CBIM, like most sexual violence prevention efforts, qualifies as social innovation because it is a more effective, efficient, sustainable, and just solution to the social problem of sexual violence than many existing criminal justice responses to sexual violence perpetration.
Here's evidence on CBIM's effectiveness, documented by Dr. Liz Miller and colleagues. Because CBIM had already been field tested, PAAR's evaluation questions did not focus on program's effectiveness. Rather, PAAR's team needed answers to questions such as these scratched across this whiteboard in the South Side Flats. The goal was to recruit high school coaches, secure the coaches’ agreement to implement CBIM, and support those coaches in carrying out CBIM with their teams.
We designed an implementation study around the question — How do you find and support change agents? — to evaluate the prevention support PAAR was providing to coaches. Below is the one-pager of our conclusions.
The Final Step of the Public Health Model Requires a Shift in Thinking
Whereas the first three steps of the public health approach to violence prevention — define the problem, identify risk and protective factors, and develop and test prevention strategies — often rely on controlled research designs and causal reasoning, the last step — assure widespread adoption — requires a shift in thinking. The primary task is “selling” new ideas, beliefs, behaviors, or social policies to targeted groups.
Revisiting the diffusion of innovations theory was helpful in understanding coaches of male student-athletes as early adopters (EAs). EAs watch and follow innovators on the cutting edge. They, too, are visionaries and risk takers so the unknown appeals to them and they are continuously looking for new opportunities. Because EAs tend to be leaders and role models in their social settings, they can provide the “stamp of approval” that reduces risk for the early majority and helps spread acceptance of the innovation.
We also got to apply some ideas from the society for effectual action.
As shown in the figure at the top of this post, effectual reasoning stands in contrast to causal thinking. As I listened to PAAR's prevention team, which included male high school coaches, talk about their work, it struck me that they were thinking more like entrepreneurs than educators or program managers. In the early stages of this work, I asked, “how are you training your early-adopting coaches?”
I learned that, in addition to holding classroom-style training, PAAR coaches were also meeting one-on-one in public spaces like parking lots, basketball courts, and training rooms to do “on-the-fly” training with other coaches they wanted to adopt the program. It was an important selling point that the CBIM program could be worked right into what coaches were already doing, without a lot of training. Requiring interested coaches to come to a day-long training workshop, or even half-day workshop, felt tricky.
Evaluating PAAR’s efforts to take CBIM to scale required a new way of thinking about program development and evaluation. The team at PAAR was willing to embrace a new idea; and so we worked together to apply the five principles of Professor Sarasvathy’s concept of effectuation, what I refer to as effectual thinking, to our CBIM evaluation project.

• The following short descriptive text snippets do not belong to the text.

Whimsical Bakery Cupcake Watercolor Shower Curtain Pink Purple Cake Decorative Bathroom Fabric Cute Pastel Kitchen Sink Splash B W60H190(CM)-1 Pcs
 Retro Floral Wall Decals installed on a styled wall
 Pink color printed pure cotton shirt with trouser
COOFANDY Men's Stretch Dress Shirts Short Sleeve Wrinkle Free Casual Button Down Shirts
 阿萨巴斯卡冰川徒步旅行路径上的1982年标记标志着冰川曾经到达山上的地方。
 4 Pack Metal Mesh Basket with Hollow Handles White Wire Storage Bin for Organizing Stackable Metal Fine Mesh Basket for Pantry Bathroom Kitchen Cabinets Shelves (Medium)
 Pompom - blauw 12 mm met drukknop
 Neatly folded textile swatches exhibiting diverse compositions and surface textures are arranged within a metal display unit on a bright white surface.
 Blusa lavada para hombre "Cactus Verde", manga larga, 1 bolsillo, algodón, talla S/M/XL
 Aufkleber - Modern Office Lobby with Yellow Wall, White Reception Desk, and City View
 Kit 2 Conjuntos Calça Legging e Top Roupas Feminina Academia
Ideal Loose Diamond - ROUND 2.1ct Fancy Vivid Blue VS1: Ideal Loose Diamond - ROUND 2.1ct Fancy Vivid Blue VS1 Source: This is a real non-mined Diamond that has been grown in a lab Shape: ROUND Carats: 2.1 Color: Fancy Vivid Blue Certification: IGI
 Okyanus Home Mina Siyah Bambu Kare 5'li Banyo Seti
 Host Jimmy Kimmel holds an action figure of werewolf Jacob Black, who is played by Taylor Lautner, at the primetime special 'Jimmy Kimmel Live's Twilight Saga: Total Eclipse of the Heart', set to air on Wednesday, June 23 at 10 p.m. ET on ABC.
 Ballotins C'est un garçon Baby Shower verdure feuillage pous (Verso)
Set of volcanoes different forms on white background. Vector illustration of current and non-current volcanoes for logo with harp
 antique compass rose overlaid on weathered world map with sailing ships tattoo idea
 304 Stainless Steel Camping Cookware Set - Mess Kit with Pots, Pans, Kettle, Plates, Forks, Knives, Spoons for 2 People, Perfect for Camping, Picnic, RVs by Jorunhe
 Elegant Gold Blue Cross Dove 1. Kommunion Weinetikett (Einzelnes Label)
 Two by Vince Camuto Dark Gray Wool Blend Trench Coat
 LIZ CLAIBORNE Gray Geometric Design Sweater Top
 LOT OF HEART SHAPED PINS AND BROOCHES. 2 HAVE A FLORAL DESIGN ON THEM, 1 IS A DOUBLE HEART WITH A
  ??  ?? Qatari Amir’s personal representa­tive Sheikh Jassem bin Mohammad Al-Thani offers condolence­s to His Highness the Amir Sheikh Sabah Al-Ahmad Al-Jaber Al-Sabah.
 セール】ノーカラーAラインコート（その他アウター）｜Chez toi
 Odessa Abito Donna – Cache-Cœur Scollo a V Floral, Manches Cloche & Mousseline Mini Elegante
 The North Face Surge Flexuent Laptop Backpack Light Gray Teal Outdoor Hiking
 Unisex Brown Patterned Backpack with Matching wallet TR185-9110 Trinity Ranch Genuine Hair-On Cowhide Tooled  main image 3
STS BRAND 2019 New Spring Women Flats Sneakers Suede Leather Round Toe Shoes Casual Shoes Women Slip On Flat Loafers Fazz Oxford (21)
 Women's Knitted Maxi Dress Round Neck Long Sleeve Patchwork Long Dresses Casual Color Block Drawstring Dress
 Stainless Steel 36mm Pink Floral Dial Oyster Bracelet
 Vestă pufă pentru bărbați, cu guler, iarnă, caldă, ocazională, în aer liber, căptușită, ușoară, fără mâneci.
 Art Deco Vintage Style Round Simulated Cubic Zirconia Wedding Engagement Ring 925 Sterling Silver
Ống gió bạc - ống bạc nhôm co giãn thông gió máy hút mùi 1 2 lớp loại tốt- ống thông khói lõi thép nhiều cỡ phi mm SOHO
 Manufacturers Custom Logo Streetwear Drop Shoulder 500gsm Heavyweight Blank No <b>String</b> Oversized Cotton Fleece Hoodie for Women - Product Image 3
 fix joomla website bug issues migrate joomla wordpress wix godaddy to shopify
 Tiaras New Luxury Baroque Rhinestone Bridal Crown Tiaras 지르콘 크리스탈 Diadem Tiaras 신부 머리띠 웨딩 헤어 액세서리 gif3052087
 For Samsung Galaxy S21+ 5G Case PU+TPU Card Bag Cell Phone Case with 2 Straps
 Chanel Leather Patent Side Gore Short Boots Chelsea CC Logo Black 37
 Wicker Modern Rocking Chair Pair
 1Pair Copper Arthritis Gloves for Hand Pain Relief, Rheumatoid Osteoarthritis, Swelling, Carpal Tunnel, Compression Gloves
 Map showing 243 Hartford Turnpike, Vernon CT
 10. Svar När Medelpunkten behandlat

The Work Unfolded as a Series of Implementation Trials
Over the course of two years, the PAAR coaches applied Bird-in-Hand to leverage existing relationships in order to implement multiple rounds of CBIM, which are described on page 7 of the report shown below. For example, the first implementation trial made use of an existing partnership that PAAR had implementing prevention programming in a junior high school setting. After each implementation trial, the evaluation team convened in order to facilitate a learning and goal-setting process to guide the next implementation trial.
Social Innovations Can Be Challenging to Evaluate
Complex real-world conditions in communities demand our patience and persistence even when we are evaluating the most “tried-and-true” programs. When the program is unknown (as CBIM was), questions conventional beliefs about gender and sex and masculinity (which are deeply personal topics), attempts to alter high school football (which is sacred in many communities), and is implemented by coaches who are not getting paid to do the program, it becomes that-much-more challenging.
Developmental Evaluation Acknowledges the Complexity of Social Innovation
In designing evaluation activities that were consistent with the effectual reasoning leading PAAR’s CBIM implementation work, we incorporated some of Scriven’s (1991) early ideas about goal-free evaluation (GBE), and leaned on Patton’s (2011) more recent guidance on developmental evaluation (DE).
Page 8 of the report summarizes how both innovation and complexity are accounted for in the emerging practice of DE.
Developmental Evaluation Is Centered on the Innovators' Commitment to Make a Difference
For PAAR's CBIM Implementation Project, developmental evaluation helped us: 1) come to terms with the messy space we were working in, and 2) reframe expectations around how to document value, significance, and worth of the work. We used two metaphors when discussing this project, which are summarized on page 9 of the report.
While the developmental evaluation (DE) approach is "not the solution to every situation," we successfully applied DE principles to gather and process information that created insight; make decisions about new program elements, e.g., PAAR's Coach-the-Coach prevention support; and ultimately, document the value and worthiness of PAAR's community prevention work.
Page 10 of the report, shown below, summarized three of the most significant and valuable change levers in PAAR’s efforts, followed another 49 pages of evaluation data that provided evidence of the hallmark successes of the project.
It was my absolute pleasure to join Southwest PA says NO MORE, the FISA Foundation, and PAAR to work on providing men and boys some tools for preventing sexual violence and modeling respect and equality.